The problem => In the listing that follows, the range to quote begins at the line that has "Sir Nigel Gresley" and ends after the line that has "3rd image of 9623 2nd St SE #52"; quote it verbatim and add nothing.

Given records =>
════════
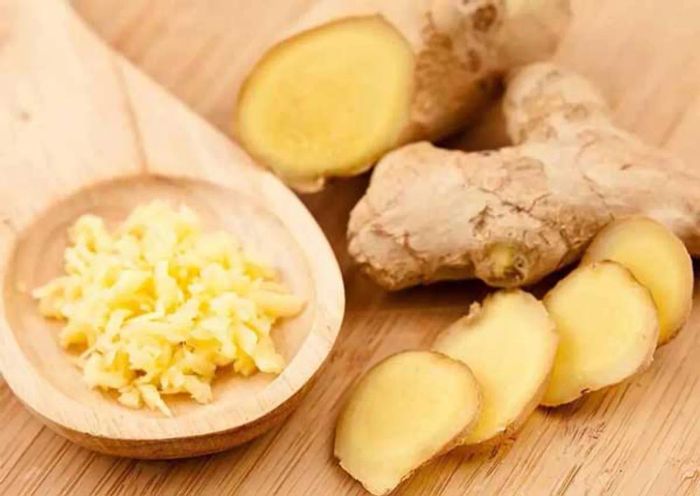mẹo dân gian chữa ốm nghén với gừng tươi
════════
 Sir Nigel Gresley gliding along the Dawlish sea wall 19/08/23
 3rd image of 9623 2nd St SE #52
════════
Result of the exercise =>
 Sir Nigel Gresley gliding along the Dawlish sea wall 19/08/23
 3rd image of 9623 2nd St SE #52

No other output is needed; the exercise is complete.